Only the pictures are to be dropped; return all other data below exactly.

Top of Dataset content

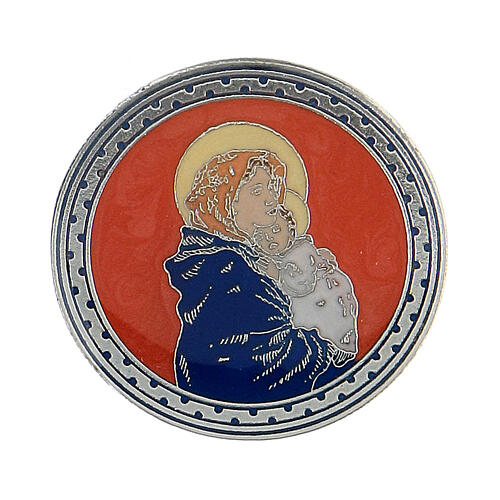 Mary with Baby Jesus brooch, red enamel 1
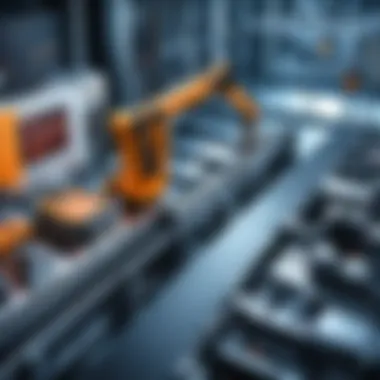 High-tech automation in manufacturing setting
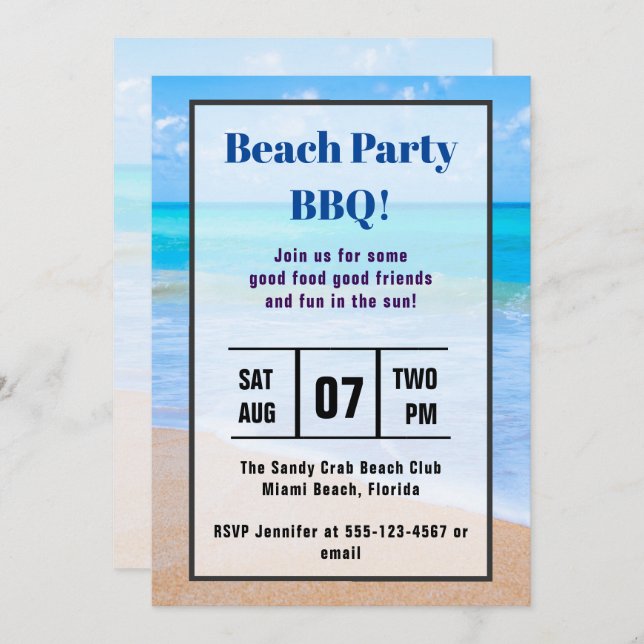Amazing Beach Tropical Photo Beach BBQ Invite (Front/Back)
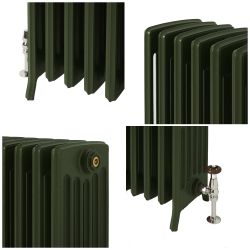Milano Isabel - 6 Column Cast Iron Radiator - 660mm Tall - Farrow & Ball Duck Green - Multiple Sizes Available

Bottom of Dataset content

Completed exercise
 Mary with Baby Jesus brooch, red enamel 1
 High-tech automation in manufacturing setting
Amazing Beach Tropical Photo Beach BBQ Invite (Front/Back)
Milano Isabel - 6 Column Cast Iron Radiator - 660mm Tall - Farrow & Ball Duck Green - Multiple Sizes Available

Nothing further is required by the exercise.